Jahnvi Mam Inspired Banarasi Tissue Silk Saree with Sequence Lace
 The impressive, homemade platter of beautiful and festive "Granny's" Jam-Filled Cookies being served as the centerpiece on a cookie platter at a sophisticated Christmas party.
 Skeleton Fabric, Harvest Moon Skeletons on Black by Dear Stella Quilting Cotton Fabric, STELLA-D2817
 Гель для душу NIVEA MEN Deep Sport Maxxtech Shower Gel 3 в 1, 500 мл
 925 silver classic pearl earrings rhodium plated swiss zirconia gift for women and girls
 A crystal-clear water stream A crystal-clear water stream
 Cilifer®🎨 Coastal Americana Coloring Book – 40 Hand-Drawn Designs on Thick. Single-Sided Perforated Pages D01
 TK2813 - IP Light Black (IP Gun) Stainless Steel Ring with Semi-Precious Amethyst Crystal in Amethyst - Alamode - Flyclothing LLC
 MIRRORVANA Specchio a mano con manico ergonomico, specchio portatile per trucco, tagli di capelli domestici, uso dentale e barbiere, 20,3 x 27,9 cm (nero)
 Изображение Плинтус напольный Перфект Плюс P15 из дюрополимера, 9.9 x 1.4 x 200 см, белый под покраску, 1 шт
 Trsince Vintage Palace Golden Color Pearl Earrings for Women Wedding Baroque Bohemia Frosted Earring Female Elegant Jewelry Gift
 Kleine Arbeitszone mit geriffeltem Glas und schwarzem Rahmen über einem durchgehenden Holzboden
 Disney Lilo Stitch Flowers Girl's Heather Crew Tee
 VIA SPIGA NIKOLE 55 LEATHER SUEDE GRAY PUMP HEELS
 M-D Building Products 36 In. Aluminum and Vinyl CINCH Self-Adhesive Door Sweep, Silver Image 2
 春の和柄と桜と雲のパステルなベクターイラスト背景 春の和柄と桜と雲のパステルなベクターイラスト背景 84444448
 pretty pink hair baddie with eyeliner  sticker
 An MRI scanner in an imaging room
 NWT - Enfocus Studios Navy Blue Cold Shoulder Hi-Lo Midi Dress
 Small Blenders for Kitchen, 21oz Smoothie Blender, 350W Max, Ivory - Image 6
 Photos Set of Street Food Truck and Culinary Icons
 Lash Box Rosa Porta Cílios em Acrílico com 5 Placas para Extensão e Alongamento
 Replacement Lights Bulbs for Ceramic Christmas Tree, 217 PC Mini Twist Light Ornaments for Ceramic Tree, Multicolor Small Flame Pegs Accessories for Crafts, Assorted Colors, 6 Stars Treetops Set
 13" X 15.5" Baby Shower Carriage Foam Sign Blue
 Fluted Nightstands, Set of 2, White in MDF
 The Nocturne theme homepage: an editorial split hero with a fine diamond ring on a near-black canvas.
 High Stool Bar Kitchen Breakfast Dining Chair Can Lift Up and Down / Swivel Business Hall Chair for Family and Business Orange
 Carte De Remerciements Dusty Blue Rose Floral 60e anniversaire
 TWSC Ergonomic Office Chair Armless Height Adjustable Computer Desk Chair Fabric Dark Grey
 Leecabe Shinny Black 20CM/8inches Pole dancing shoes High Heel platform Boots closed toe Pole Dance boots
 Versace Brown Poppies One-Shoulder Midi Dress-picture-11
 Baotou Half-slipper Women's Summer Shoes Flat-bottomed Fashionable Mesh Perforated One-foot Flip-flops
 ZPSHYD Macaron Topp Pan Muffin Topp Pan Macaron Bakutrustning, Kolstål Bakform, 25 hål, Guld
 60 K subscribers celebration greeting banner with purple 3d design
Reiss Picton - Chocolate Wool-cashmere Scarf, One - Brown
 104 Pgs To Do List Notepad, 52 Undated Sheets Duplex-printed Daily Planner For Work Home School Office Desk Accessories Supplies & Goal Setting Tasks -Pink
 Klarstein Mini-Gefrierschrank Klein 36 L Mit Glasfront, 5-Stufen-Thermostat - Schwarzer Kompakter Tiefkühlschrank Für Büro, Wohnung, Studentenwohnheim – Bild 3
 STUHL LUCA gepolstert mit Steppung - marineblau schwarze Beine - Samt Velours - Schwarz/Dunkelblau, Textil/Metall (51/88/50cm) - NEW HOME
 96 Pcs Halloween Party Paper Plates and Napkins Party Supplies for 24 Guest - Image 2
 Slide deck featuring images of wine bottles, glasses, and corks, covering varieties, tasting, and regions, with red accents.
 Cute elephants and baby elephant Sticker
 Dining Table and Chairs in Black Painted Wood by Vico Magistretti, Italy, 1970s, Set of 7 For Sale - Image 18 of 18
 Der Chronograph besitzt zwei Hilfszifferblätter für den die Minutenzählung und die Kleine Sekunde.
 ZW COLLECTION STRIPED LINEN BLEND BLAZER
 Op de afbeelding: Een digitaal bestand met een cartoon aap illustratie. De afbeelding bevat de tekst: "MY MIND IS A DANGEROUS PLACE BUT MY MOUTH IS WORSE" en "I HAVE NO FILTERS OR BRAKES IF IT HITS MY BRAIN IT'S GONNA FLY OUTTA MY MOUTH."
-.-.-
### Work to complete
Output the lines above exactly, but only those between the line holding "A crystal-clear water stream A" and the line holding "Versace Brown Poppies", inclusive.

### Solution for this exercise
 A crystal-clear water stream A crystal-clear water stream
 Cilifer®🎨 Coastal Americana Coloring Book – 40 Hand-Drawn Designs on Thick. Single-Sided Perforated Pages D01
 TK2813 - IP Light Black (IP Gun) Stainless Steel Ring with Semi-Precious Amethyst Crystal in Amethyst - Alamode - Flyclothing LLC
 MIRRORVANA Specchio a mano con manico ergonomico, specchio portatile per trucco, tagli di capelli domestici, uso dentale e barbiere, 20,3 x 27,9 cm (nero)
 Изображение Плинтус напольный Перфект Плюс P15 из дюрополимера, 9.9 x 1.4 x 200 см, белый под покраску, 1 шт
 Trsince Vintage Palace Golden Color Pearl Earrings for Women Wedding Baroque Bohemia Frosted Earring Female Elegant Jewelry Gift
 Kleine Arbeitszone mit geriffeltem Glas und schwarzem Rahmen über einem durchgehenden Holzboden
 Disney Lilo Stitch Flowers Girl's Heather Crew Tee
 VIA SPIGA NIKOLE 55 LEATHER SUEDE GRAY PUMP HEELS
 M-D Building Products 36 In. Aluminum and Vinyl CINCH Self-Adhesive Door Sweep, Silver Image 2
 春の和柄と桜と雲のパステルなベクターイラスト背景 春の和柄と桜と雲のパステルなベクターイラスト背景 84444448
 pretty pink hair baddie with eyeliner  sticker
 An MRI scanner in an imaging room
 NWT - Enfocus Studios Navy Blue Cold Shoulder Hi-Lo Midi Dress
 Small Blenders for Kitchen, 21oz Smoothie Blender, 350W Max, Ivory - Image 6
 Photos Set of Street Food Truck and Culinary Icons
 Lash Box Rosa Porta Cílios em Acrílico com 5 Placas para Extensão e Alongamento
 Replacement Lights Bulbs for Ceramic Christmas Tree, 217 PC Mini Twist Light Ornaments for Ceramic Tree, Multicolor Small Flame Pegs Accessories for Crafts, Assorted Colors, 6 Stars Treetops Set
 13" X 15.5" Baby Shower Carriage Foam Sign Blue
 Fluted Nightstands, Set of 2, White in MDF
 The Nocturne theme homepage: an editorial split hero with a fine diamond ring on a near-black canvas.
 High Stool Bar Kitchen Breakfast Dining Chair Can Lift Up and Down / Swivel Business Hall Chair for Family and Business Orange
 Carte De Remerciements Dusty Blue Rose Floral 60e anniversaire
 TWSC Ergonomic Office Chair Armless Height Adjustable Computer Desk Chair Fabric Dark Grey
 Leecabe Shinny Black 20CM/8inches Pole dancing shoes High Heel platform Boots closed toe Pole Dance boots
 Versace Brown Poppies One-Shoulder Midi Dress-picture-11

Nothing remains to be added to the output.